Selon les informations recueillies par Le Boursier de sources sûres, les indicateurs financiers de ces intermédiaires sont au beau fixe.
Les données provisoires laissent apparaitre un chiffre d’affaire global de l’ordre de 230 MDH en 2017, soit une hausse de 12,7% par rapport à 2016.
Quant au résultat net, il s'établit globalement à 49 MDH environ, largement en deça des 330 MDH réalisés un an auparavant. Cette chute doit toutefois être analysée en tenant compte des éléments qui ont marqué 2016 :
– Les sociétés de bourse ont perçu des dividendes exceptionnels suite à la finalisation du processus de démutualisation de la Bourse de Casablanca ;
– Le MASI a clôturé l’année sur une hausse de plus de 30% avec un volume de 72 milliards de dirhams (+40% par rapport à 2015).

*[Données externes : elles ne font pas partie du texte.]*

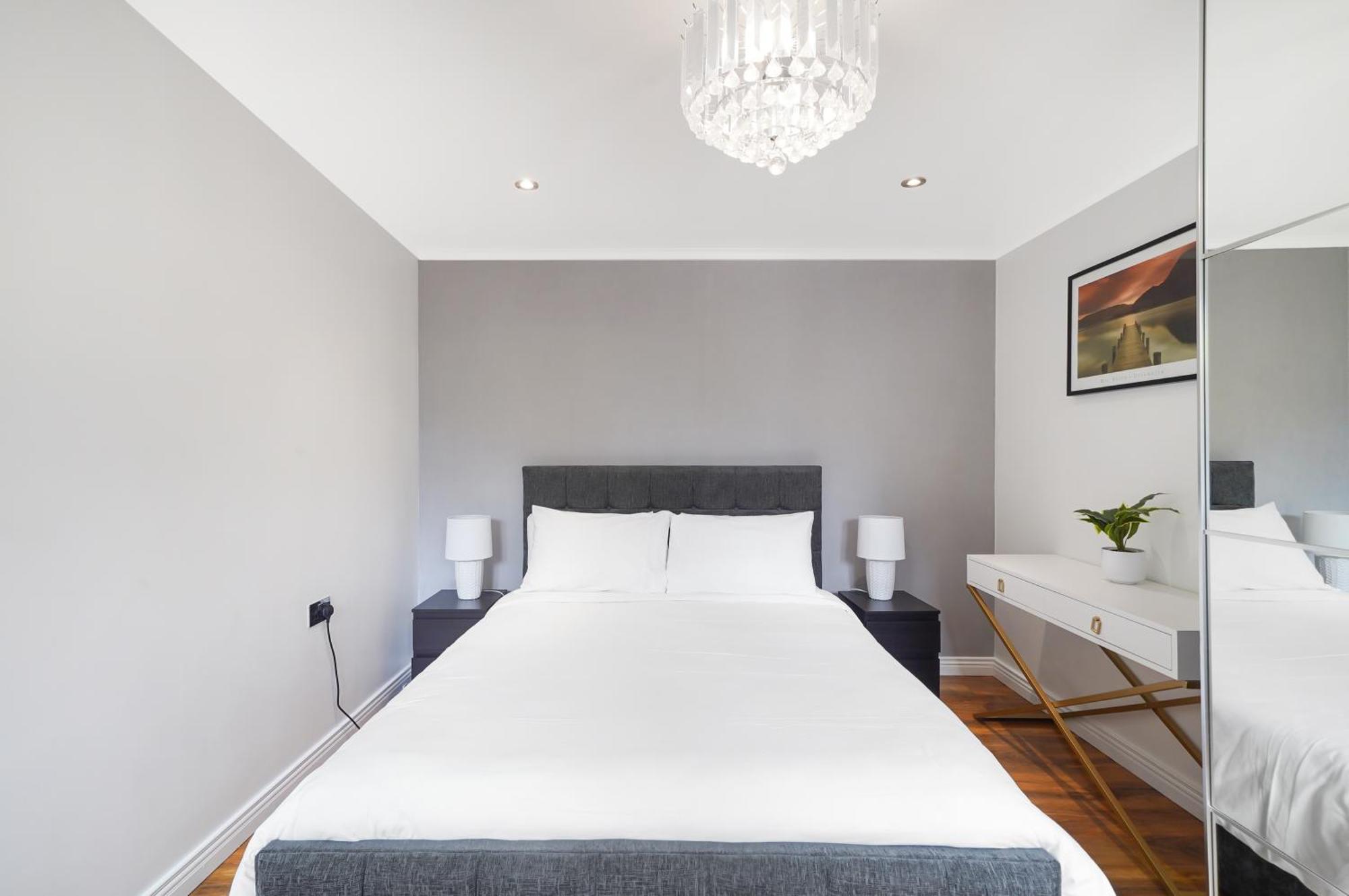 A Beautiful Stylish 2 Bedroom Apartment -City Of ลอนดอน ภายนอก รูปภาพ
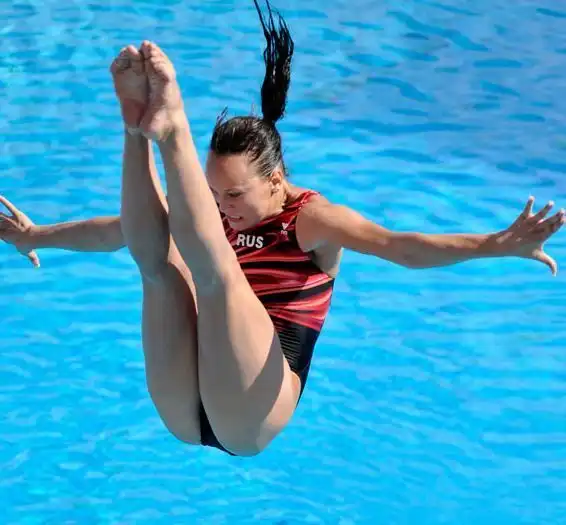 Смешные выражения лиц и позы прыгунов в воду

Globalement, «on peut dire que l'année 2017 a été bonne pour les sociétés de bourse», précise un opérateur du marché. Les volumes traités durant l’exercice ont totalisé 69 milliards de dirhams, ce qui a permis de dégager des commissions d’intermédiation confortables.
Dans le détail, la ventilation du chiffre d’affaires laisse apparaitre une domination de l’activité d’intermédiation avec environ 80% du chiffre d’affaires global. Ce segment a généré à peu près 184 MDH en 2017.
Les sociétés de bourse filiales de banques contribuent à hauteur de plus 80% au chiffre d’affaires global. En effet, sur les 17 sociétés que compte le marché, 11 qui sont filiales de banques contribuent pour plus de 80%. Le reste est attribuable aux 6 sociétés de bourse filiales de groupes financiers non bancaires.
Néanmoins, malgré la hausse du chiffre d’affaires, certaines sociétés de bourse affichent encore des résultats d’exploitation négatifs, selon nos sources.